Gold is the most popular setting for jewelry across the world. The two most popular types of gold are white gold and yellow gold. Until the 1920’s, white gold was virtually unheard of, but now it is the preferred metal for many in everything from earrings to engagement rings. In 1990 we saw an all time high in demand for white gold, most specifically, in engagement and wedding rings. Why did this demand for white gold change from the ever-classy yellow gold?

We have all seen the styles in the shop windows change from spandex to baggy sweaters, distressed jeans to micro mini skirts and now, back to spandex. Styles change every day whether it be clothes, furniture, cars, or paint colors.
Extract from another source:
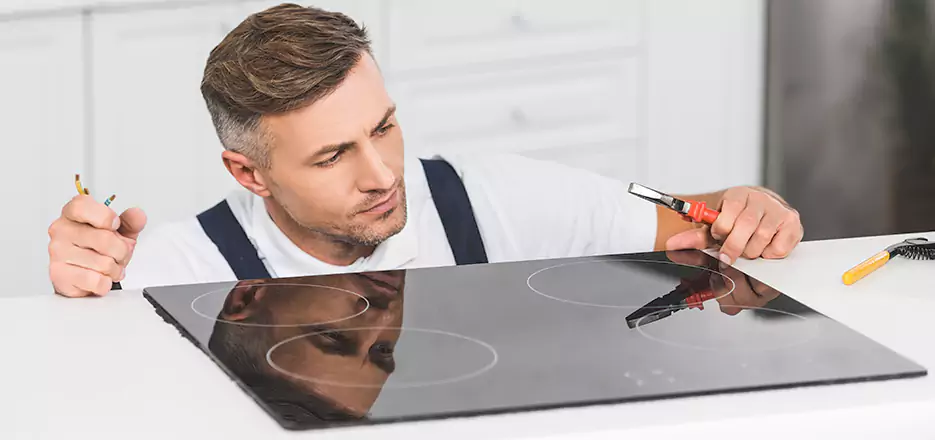 Glass Top Range Repair in Newton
Jewelry is no exception.

Many women began to prefer white gold over yellow gold because the color looked nicer against their skin, it matched their clothing better, their trusted friend wore it, or simply because it appealed to them more. People began to view yellow gold as old-fashioned and out of date. They sought something new, fresh, and different than the yellow gold that they associated with their mother and grandmother.
Platinum became more popular in the 1920’s than it ever had before. Platinum was exactly what people were looking for: fresh, new and gorgeous. Unfortunately, platinum proved much more expensive than the average pocket book could handle. Because platinum was so expensive, many people opted for white gold, which looks identical to platinum if done right.
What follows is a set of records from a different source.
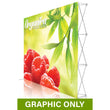 Load image into Gallery viewer, GRAPHIC ONLY - 10 Ft. Ready Pop Fabric Display - 8&#39;H Large Straight Replacement Graphic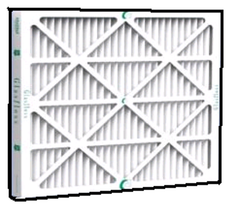 Glasfloss ZXP25252 Pleated Air Filter 25 x 25 x 2 Replacement Synthetic MERV10
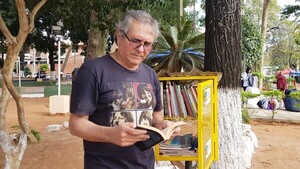 Muere Aníbal Barreto, escritor y creador de las Bibliotecas Callejeras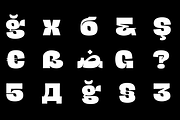 Hagrid 24 fonts + 4 variables, a Sans Serif Font by Zetafonts (Thumbnail 15 of 17)
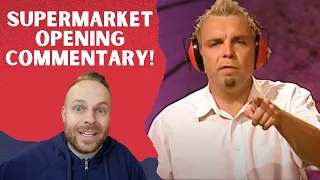 Englishman Reacts to... Polish Kabaret - Ani Mru Mru - Supermarket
There are two ways to get white gold. One way is the mixture of the metals used in creating the jewelry. Gold is an extremely soft metal and is always mixed with an alloy such as copper or silver to make it harder and practical for wear. Depending on what alloys are used and in what percentages, the gold could be white, yellow, pink, purple, and even green.
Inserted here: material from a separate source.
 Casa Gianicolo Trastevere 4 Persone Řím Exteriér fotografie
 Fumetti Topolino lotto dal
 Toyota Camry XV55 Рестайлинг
The second way to create white gold is to coat yellow gold in rhodium, a liquid made from platinum. When a yellow gold piece is dipped in rhodium it gets a coating that lightens the color and makes it look like white gold. The more rhodium on a piece, the whiter it will appear. The effect is like painting a wall. The wall appears to be white, but underneath is it still yellow.

When buying a piece of jewelry, it is impossible to tell whether it is solid white gold or yellow gold coated in rhodium unless the jeweler knows. The markings are the exact same.  Both look equally beautiful and generally cost the same.

The unfortunate side to yellow gold dipped in rhodium is that, like paint on a wall, the rhodium can rub off with wear and time. Sometimes the rhodium can begin to wear off after as little as four to six months. When that happens you will begin to see a yellow tinge showing through.

The only way to protect your jewelry from doing this is to take very good care of it. Do not wear your jewelry in the shower, when doing yard work or any other activity that may cause more contact with your jewelry than necessary.

Within in the past few months, style has begun to change again and yellow gold is peeking its head through. We are beginning to see more yellow gold than we have since the 1980’s. We will just have to wait and see if yellow gold comes out on top of white gold again.